Phase three was the “merry-go-round” of pro basketball success, the stellar years in the ABA—three scoring titles, two MVP awards, two championships—and the highly controversial jump to the NBA in 1976. (In a bitter dispute after the merger, Erving held out on his ABA New York Nets contract, which paid $350,000 a year. The Nets eventually sold his rights to Philadelphia of the NBA for $3 million.)
“If you ever wondered how crucial Julius is to the game,” said Williams, “just look at that incident. His personality kept the ABA alive. He practically merged the two leagues single-handedly.”
As a player for the 76ers, Julius was a star in his first year, winning the MVP award in the 1977 All-Star Game. He had a six-year, $3.5-million contract. He had more adulation than he ever dreamed possible.
He had no idea where he was going.
“For those first 29 years, I didn’t know why when I dunked the ball, it was any different than anybody else.
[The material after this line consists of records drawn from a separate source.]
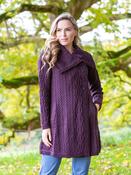Womens Merino Wool Chunky Collar Aran Coatigan - Purple / XS image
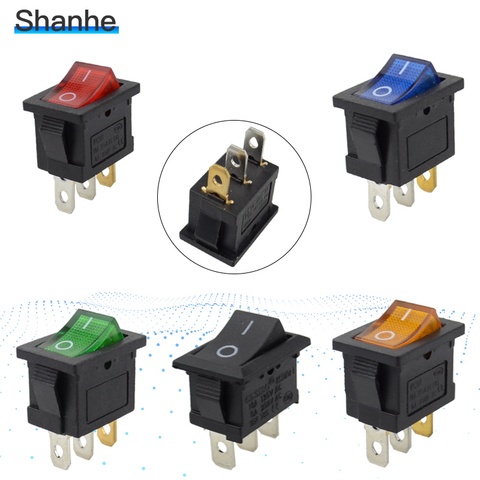 5pcs Mini 3 Pin Dashboard On Off Position Rocker Switch Illuminated Spst with Light ► Photo 1/6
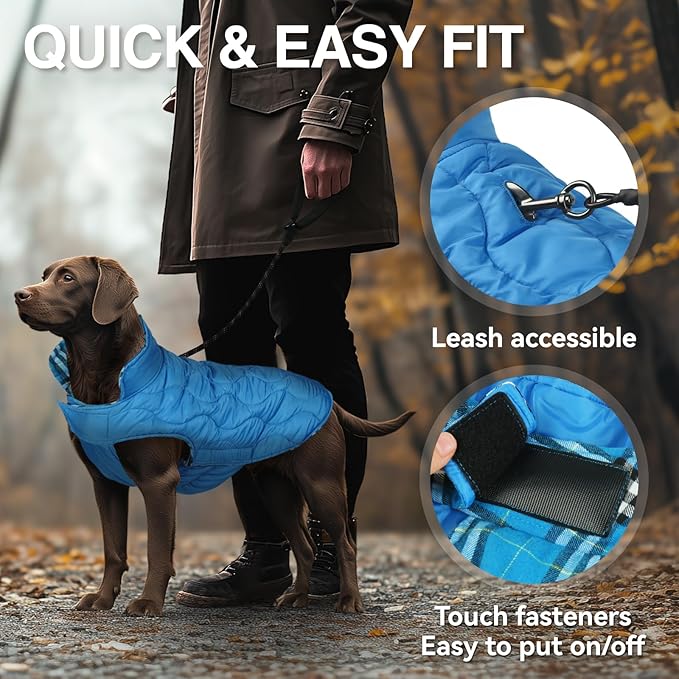 VIVAGLORY Softjoy Dog Coat, Dog Jacket for Winter & Christmas, Coat with Harness Hole & Velcro Closure, Reversible Plaid Checkered Warm Fluffy Heavy Duty for Puppy, XL, Blue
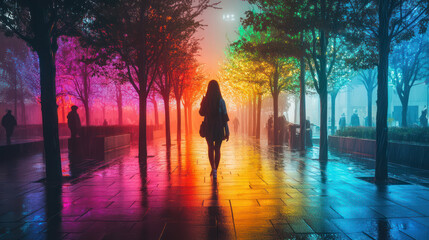 Fototapeta premium Neon Rain: A Walk Through a Vibrant, Futuristic Cityscape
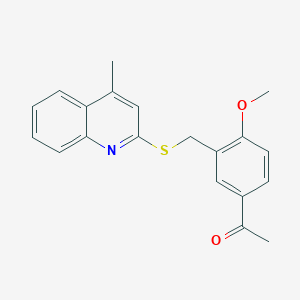 molecular formula C20H19NO2S B5619950 1-(4-methoxy-3-{[(4-methyl-2-quinolinyl)thio]methyl}phenyl)ethanone 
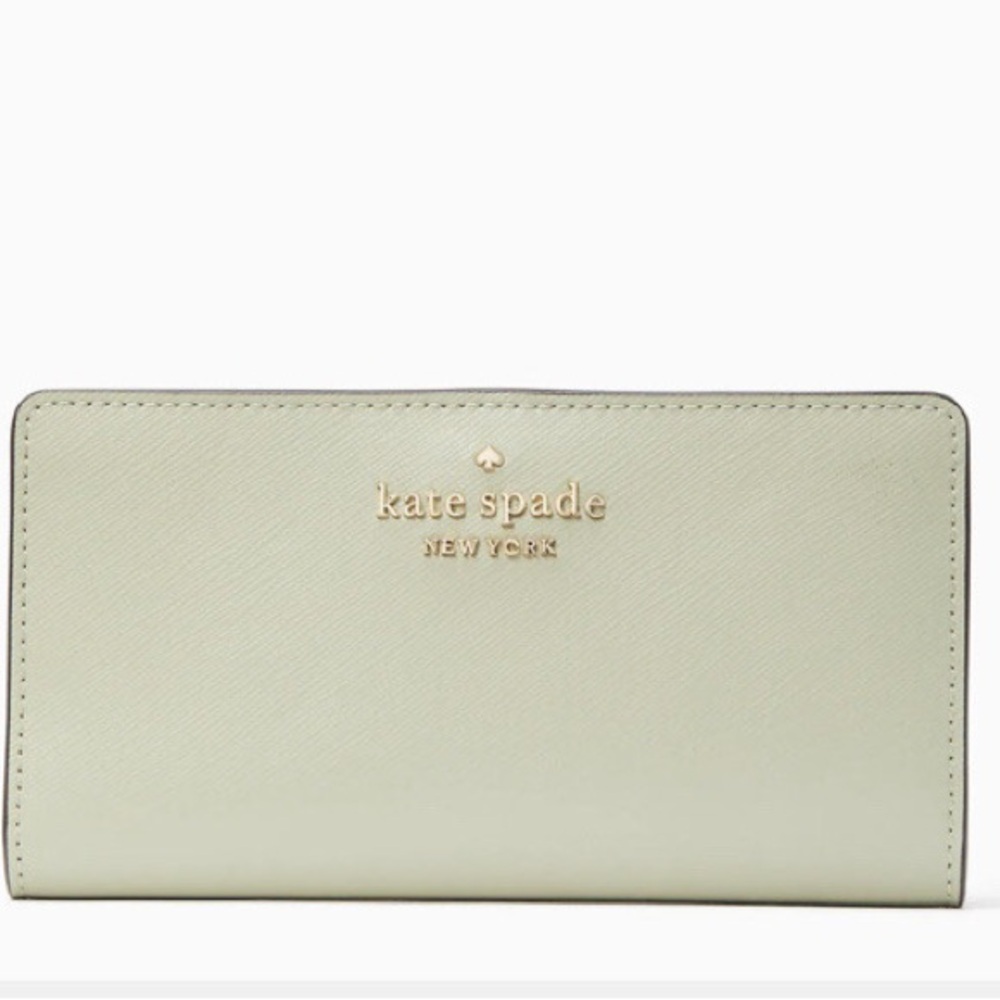 Kate Spade Staci Large Slim Bifold Wallet in Sage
Or why when I did good things, they were looked at as being bigger than they were, and when I did bad things, they were so quickly forgiven . . . It was all too easy. I hadn’t done it by plan, but here people were coming and asking me for advice. They’d say, ‘Why is your life as it is, and my life isn’t like that? I want it to be like yours.’ I couldn’t tell them . . .
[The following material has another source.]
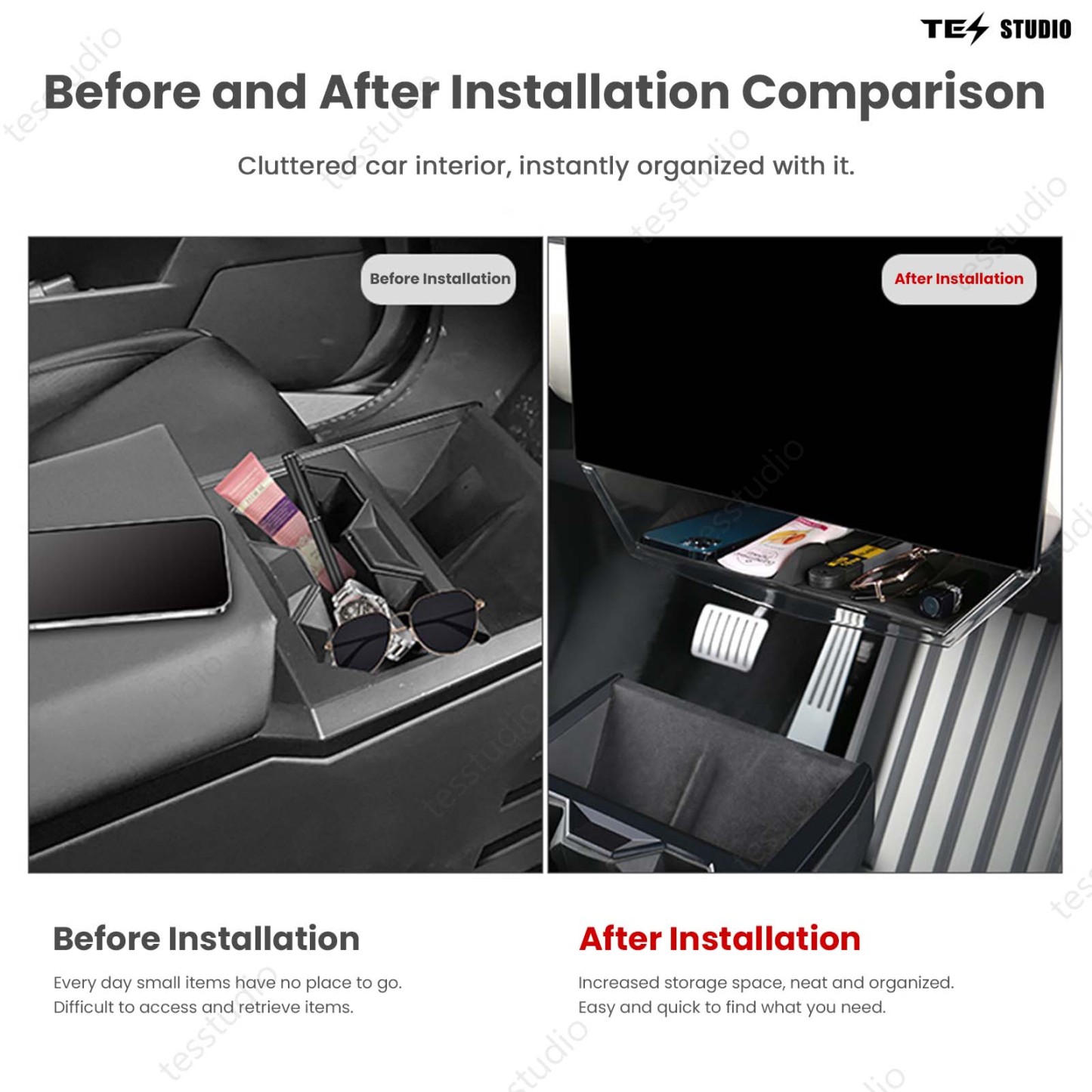 Tesla Cybertruck Interior Accessories Hideable Under Screen Storage Box with Center Console Organizer Tray Tesstudio®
“Five years ago, I went to a family reunion, and my Uncle Alfonso put it in perspective. He said, ‘Somebody along the line really laid a blessing on you.’ Somehow that made everything so much more sensible. I got more interested in the Bible and spiritual fulfillment . . . That didn’t mean I had to become a preacher. I’ve never been that way, and I haven’t been asked to do a 180-degree turn. But it helped me fill the void that I felt. Now I’m much more at peace with myself . . .”
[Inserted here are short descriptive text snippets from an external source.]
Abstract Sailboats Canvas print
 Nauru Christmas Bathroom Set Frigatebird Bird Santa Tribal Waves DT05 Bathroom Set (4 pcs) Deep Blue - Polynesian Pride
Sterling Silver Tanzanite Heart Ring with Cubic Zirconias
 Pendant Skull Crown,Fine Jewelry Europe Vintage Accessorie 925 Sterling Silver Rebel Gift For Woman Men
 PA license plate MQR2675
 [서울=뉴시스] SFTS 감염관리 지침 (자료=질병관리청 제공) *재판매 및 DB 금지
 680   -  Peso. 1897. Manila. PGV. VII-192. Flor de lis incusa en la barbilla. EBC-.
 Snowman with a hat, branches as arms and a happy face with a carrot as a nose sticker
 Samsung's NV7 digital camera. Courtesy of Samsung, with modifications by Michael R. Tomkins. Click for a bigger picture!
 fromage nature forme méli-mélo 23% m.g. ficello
Erving’s status only grew with his NBA tenure. He was chosen the league MVP in 1980-81. And his patience with a cast of ball-hogs, such as Lloyd Free, George McGinnis, Joe Bryant, and Dawkins (eventually dismissed by the 76ers in favor of players like Bobby Jones and Moses Malone), strengthened his reputation as the rarest of sports types—a superstar in the guise of a team player.
He is 34 years old now. He has won the NBA title. If things go according to plan, 1985 will be his final season. It’s a cause for concern inside the game. “We’ve already spoken about what’s gonna happen when Julius retires,” said CBS’ Shaker. “We’ve wondered what we’re gonna do, who’ll come along to fill his place in the game.”
The answer? A shrug. “We don’t have an answer.”
Mass appeal. You can hear it right up the line.
Ask Erving’s younger teammates, like 24-year-old Wes Mathews. “He’s like a big brother, the role model every kid wants to follow.”
Ask his former teammates, like Lionel Hollins (now with Detroit): “When we were losing in the playoffs (1979-1982), he’d come back each training came and say, ‘Hey, falling short doesn’t make you less of a person. Let’s keep things in perspective.’ And we’d come back and win 60 ballgames.”
And his coach, Billy Cunningham: “There’s no better team leader than Julius. He does things quietly, and everyone takes their cues from him.”
Ask his general manager Williams: “When Doc goes, we’ll lose one of the greats. His image, what he does for the game, we’ll never replace.”
Mass appeal.
Ask the TV people, or the folks at Coca-Cola, Converse or Spalding. Ask the legions behind the Lupus foundation, Muscular Dystrophy, or the numerous Christian organizations he chairs and supports.
Ask the people of Philadelphia. And while you’re at it, ask the folks in Boston, New York, Washington, and every other city that should logically root against a Philly ballplayer.
Ask basketball fans and basketball critics. Those that will watch the playoffs, and those that won’t when the 76ers aren’t involved.
Ask them in Munich, Rome, Nigeria, Colombia, Canada, Greece, and Russia. Ask them who is Doctor J? And they’ll tell you true.
He’s the best thing in pro basketball today.